Each day, a small team, including a chef and cooks, prepped the ingredients in a central kitchen and delivered them to the Mezli robot restaurant, which took over from there.

“The bad news: Artificial Intelligence is going to kill us. The good news: AI can sure serve up some tasty Mediterranean at a beautiful price,” one glowing Yelp review read.

Customers wait to receive their orders from Mezli. (Courtesy of Mezli)

Alex Kolchinski, a Mezli co-founder with a background in software and AI, said the idea for Mezli came amid the realization that rising labor costs are one reason why food prices at area restaurants were climbing so high. He and his friends, who have backgrounds in robotics and engineering, set out to create a modular, mass-producible, and automated restaurant.

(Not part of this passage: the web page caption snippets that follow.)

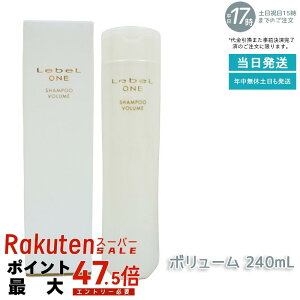 LebeL ONE ���x�� ���� �V�����v�[ �{�����[�� 240ml VOLUME SHAMPOO �w�A�P�A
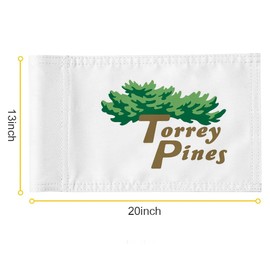 2BUT Torrey Pines Golf Pin PGA Flag Practic Putting Green Golf Flag For Backyard Garden Double-Sewn 600D Nylon Miniature Pin Flag (20"X13")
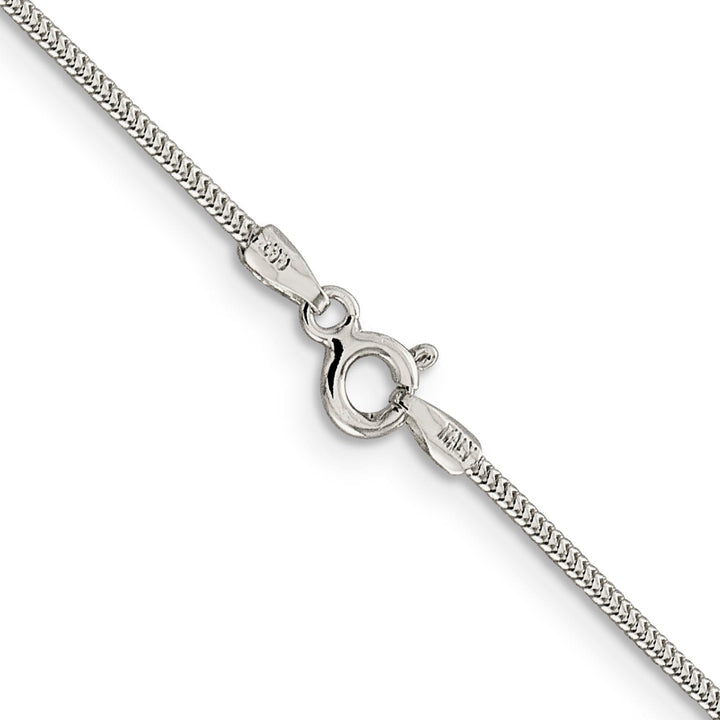 Silver Polished 1.20-mm Round Snake Chain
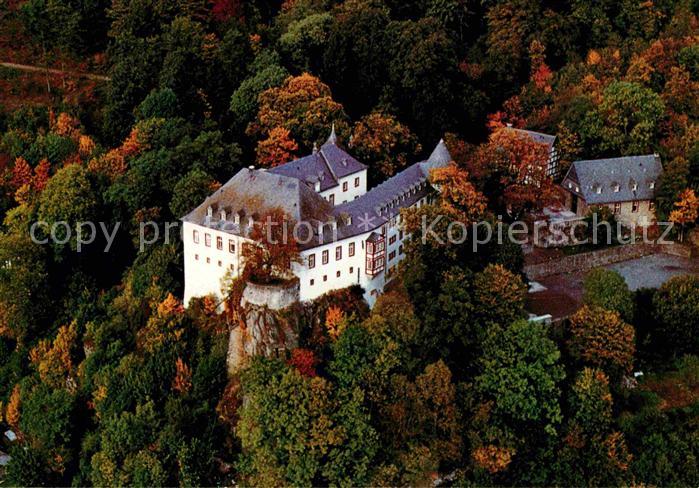 Lennestadt Fliegeraufnahme Jugendburg Bilstein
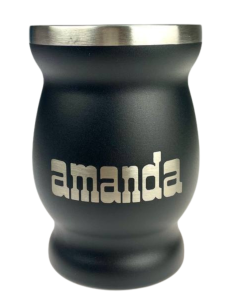 Amanda Stainless Calabasa, black, 220ml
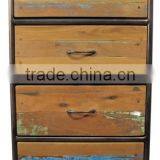 Hot and New Boat Wood Dresser With 4 Drawers, Unique Style Reclaimed / Salvaged Wood Dresser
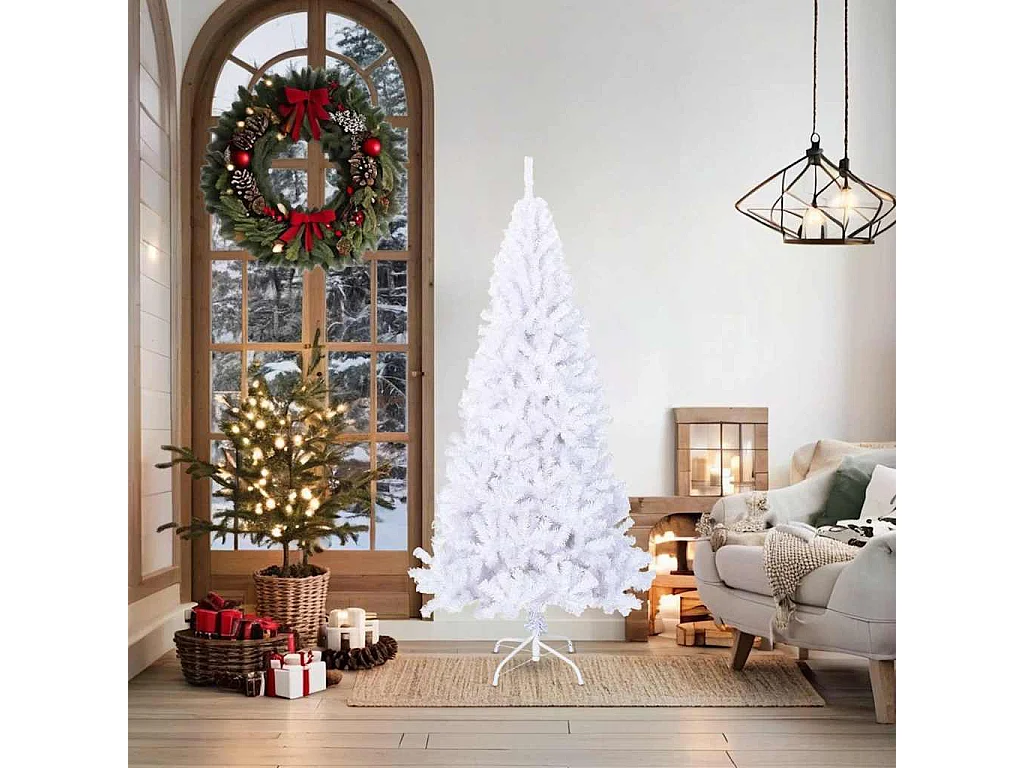Künstlicher Weihnachtsbaum mit dicken Ästen weiß 180cm PVC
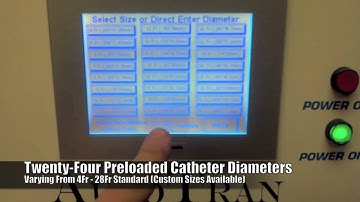 AutoTran, Inc. - AT-360 Servo Driven 360 Degree Catheter/Tube Pad Printer)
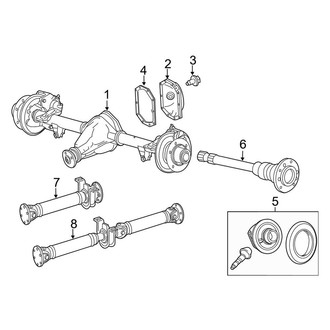 Mercedes-Benz OE - Rear Suspension - Axle & Differential (Extended Cargo Van / Standard Cargo Van / Standard Passenger Van)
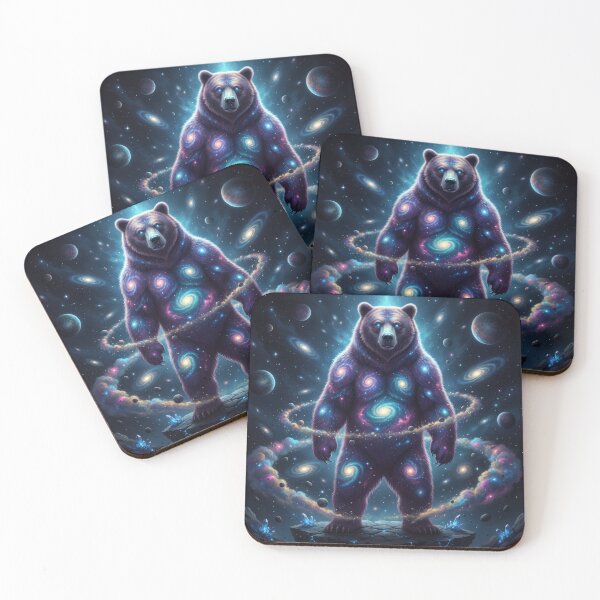 Item preview, Cosmic Grizzly Bear - Nebula designed and sold by Cosmic Zoo.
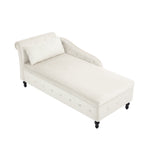 Maci 74"L Oversized Upholstered Velvet Storage Deep Seat Chaise Lounge with Hidden Storage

He’s described Mezli as what would happen if a vending machine and a restaurant had a baby.

“We realized if you’re doing a bowl-style restaurant, basically assembling stuff from upstream, the only things you have to do is put things in a bowl, whatever the customer orders, put it through an oven to finish cooking the stuff that’s not fully cooked and crisp it up, put some cold ingredients — sauces, toppings — on top, and then serve it to the customer with sides and a drink,” Kolchinski told National Review. “That’s exactly what this machine does.”

“Some people didn’t realize they were being served by a robot,” he added.

A behind-the-scenes view of Mezli at work. (Screenshot via Alex Kolchinski/YouTube)

Kolchinski and his co-founders eventually wound the experiment down due to a lack of financing. But with restaurant labor costs continuing to rise and eating into already narrow profit margins — particularly in California, which just raised its starting wage for fast-food jobs to $20 an hour under pressure from Big Labor — increasingly sophisticated fast-food robots like Mezli beg the question: are most fast-food jobs necessary at all?

While the fast-food industry was founded on utilizing technology to increase efficiency, the robot revolution seems to be speeding up.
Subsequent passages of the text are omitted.